This is my final digital humanities project for DigHum101.
Look at this nice hotel in Hawaii... surely it has good reviews, right? Credit: gohawaii.com
Abstract:
Reviews are rather fickle formations of text. Not only are they deeply independent, reflecting the writer's personal experience, but they also reflect the writer's expectations versus reality rating. A review that sounds positive might receive a low rating simply because the reviewer had blown-up expectations.
This project is an analysis of a hotel review dataset provided by Kaggle. The data has a lot of entries (~35000) so I was interested in seeing how these methods would perform on a large dataset. The proprietary mission was to use gensim topic modeling and TFID vectorizing to create a classifier to play around with. There were a couple of interests that were explored.

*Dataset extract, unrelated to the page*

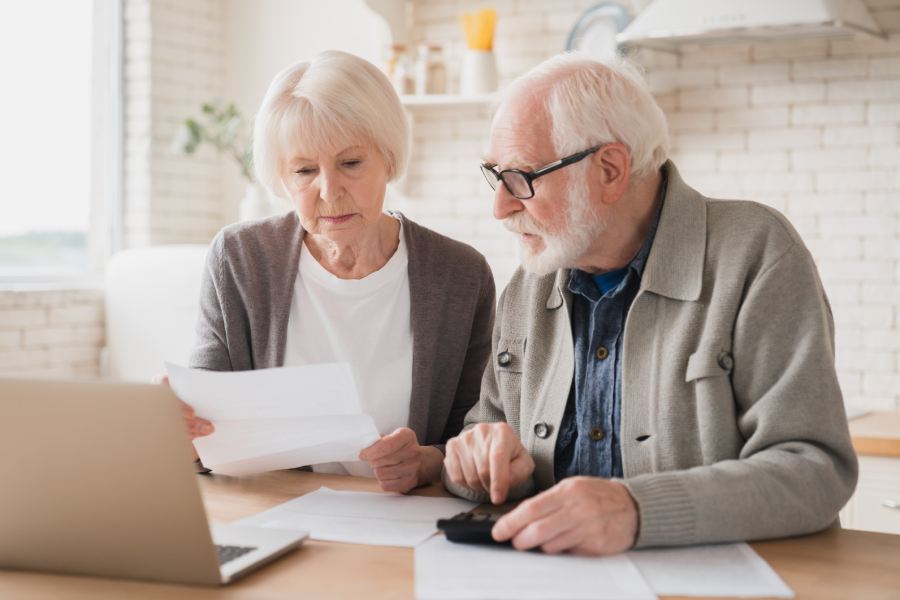 Easy and Simple Ways for Pensioners to Save Money this Winter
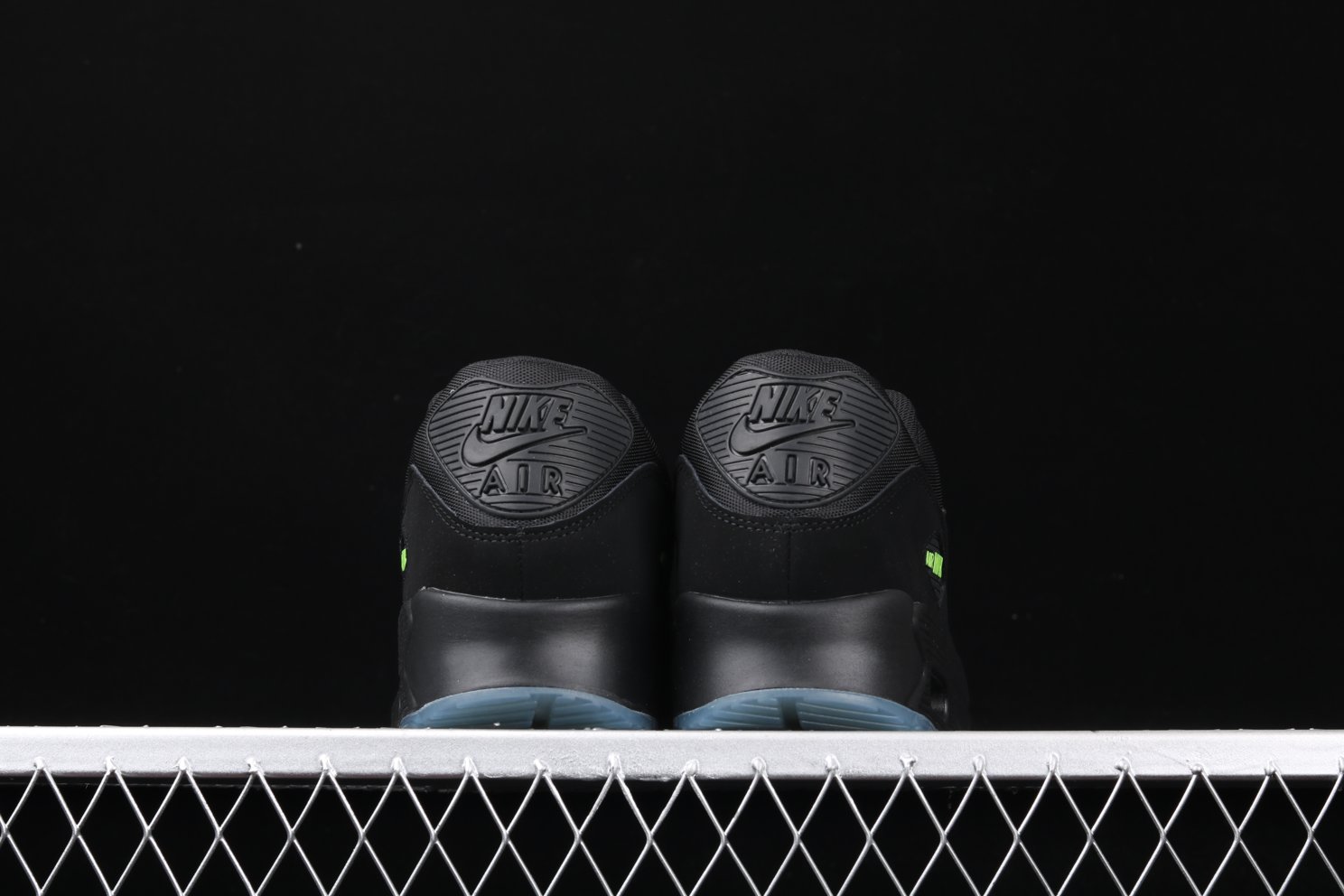 Air-Max-90-Night-Ops-5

Some initial preprocessing and analysis were done to understand various aspects of the data like the location of all the hotels and the most used words in the reviews. Then, a gensim topic model is created to capture some of the topics (or non-topics) that may be seen in the reviews. While not all the topics are too interesting, some of them are surprisingly intuitive, like topics about service, cleanliness, and location. Finally, a classifier is created. The user is then able to input various reviews and see how they classify, creating an interactive moment. Some questions that will be answered are: Are there certain topics that hotel reviewers like to mention and group together? Will the classifier be able to, with some accuracy, predict the already rated reviews? What keywords are most associated with having a positive and negative review, are there any curveballs?